Most of professional developers have developed thread based concurrent applications in the past. If you are a Java developer, it’s likely you’ve used
runnable interfaces and
executor services, you probably also used
completable future to handle the results of your forked concurrent threads. But have you ever wonder why we want to design concurrent business logic? The answer is simple: to boost the performance of the applications. There are two types of activities in general:
I/O Bound activities and
CPU bound activities.
I/O bound activities are tasks that mainly limited by I/O resources, for example network I/O, or database I/O. As we explained in the previous posts, I/O operations is thousands more times slower than CPU operations. Assuming the application logic runs in sequential, while the CPU waits for the I/O operations to finish, the application can’t proceed.
CPU bound activities are tasks that are primarily consume CPU time during executions.

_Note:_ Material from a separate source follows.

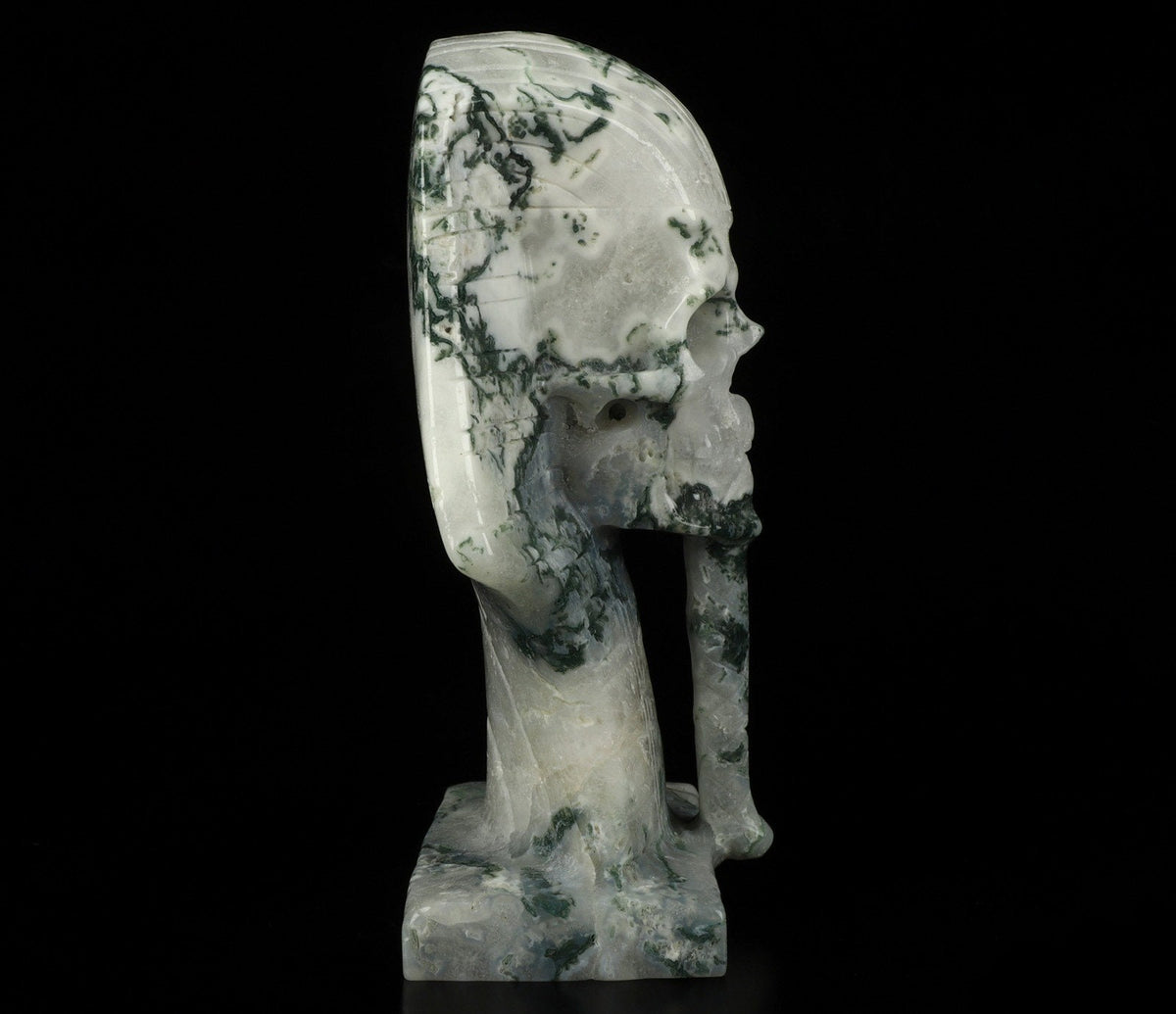AGATE MOUSSE , Pharaoh / Tutankhamun Skull Sculpture / crystal healing / Skull ; Cranio , SchÄdel Crystal Skull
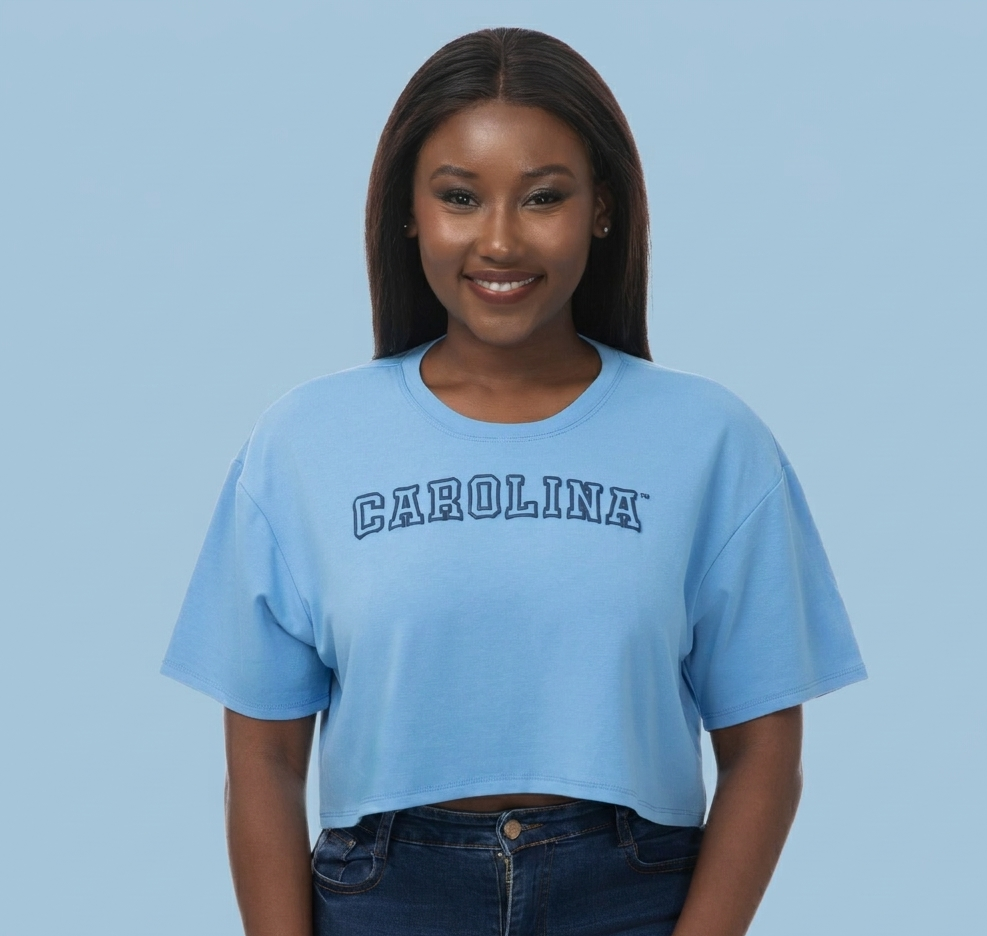 Carolina Puff Print Boxy Crop Tee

Some algorithm can be very complex, while they don’t involve heavy I/O operations, they requires the CPU resources quite intensively. For example, video processing and image processing.
When we deploy our applications in the services, often we get more than one CPU. It’s natural that we want to fully leverage these extra computing powers when we implement CPU heavy applications. A simple way is to divide the task into several subtasks, then schedule the subtasks into different CPUs to have them run concurrently, and finally synchronize the result.
- Thread Model and Race Conditions
One model to handle the divided tasks is to leverage the thread pool: run the divided tasks in a thread. The thread pool is to limit the number of concurrently running thread, in the mean time, save the overhead of creating new threads. However, this approach caused an inevitable problem:
Race condition happens when multiple process/thread try to get access to the same resource. Why race conditions happens in thread model? Because threads
share states. The
thread within the business application is different from the
thread based web service handling concurrent requests. These threads are forked by the main thread, and the forked thread often have interaction with the main thread.
One way of handling main thread <> forked threads interaction is through shared variables. For example, the forked threads save the results back into a
global variable. And all threads will have access to these variable, hence race condition can happen.
Why race condition is a problem for programming? Because the result of the program becomes indeterministic. As we mentioned above, the control flow of the thread model is largely sequential, when the intermediate state of the thread is changed, the final result is different.
How do we prevent race condition? Making sure only one thread have access to the shared state at one time. And one achieving that is to introduce locks. Locks make sure the shared state is
locked and only be accessed by one or limited number of threads.
The most common lock implementation is a binary semaphore. The binary semaphore use a shared variable to control the access, and two operation: wait and signal. The two operations are always used together. In the wait operation, it check the status of the lock, if locked keep waiting, otherwise change the lock from unlock to locked so other operations can’t access it. This operation is atomic hence won’t cause race condition. Once the critical operations are finished, it release the lock so other thread can acquire it.
In Java programming, we use
synchronized keyword to lock the variable or code block. However, there are risks using locks. On the one hand, using it incorrectly can cause many lock issues say dead lock or lock starvation, on the other hand, when the lock is too granular, it breaks the control flow into small blocking chunks, the overhead of lock checking offset the performance gain from multi threading.
While thread based muti-thread programming benefits the CPU bound activities pretty well, it doesn’t scale for I/O bound activities. As discussed in previous articles, in I/O bound activities, I/O is the final bottleneck, having multiple threads accessing the I/O might help in the beginning, as most of the I/O device supports concurrent operations in one way or another, but we reach the concurrent bottleneck, the latency would increase.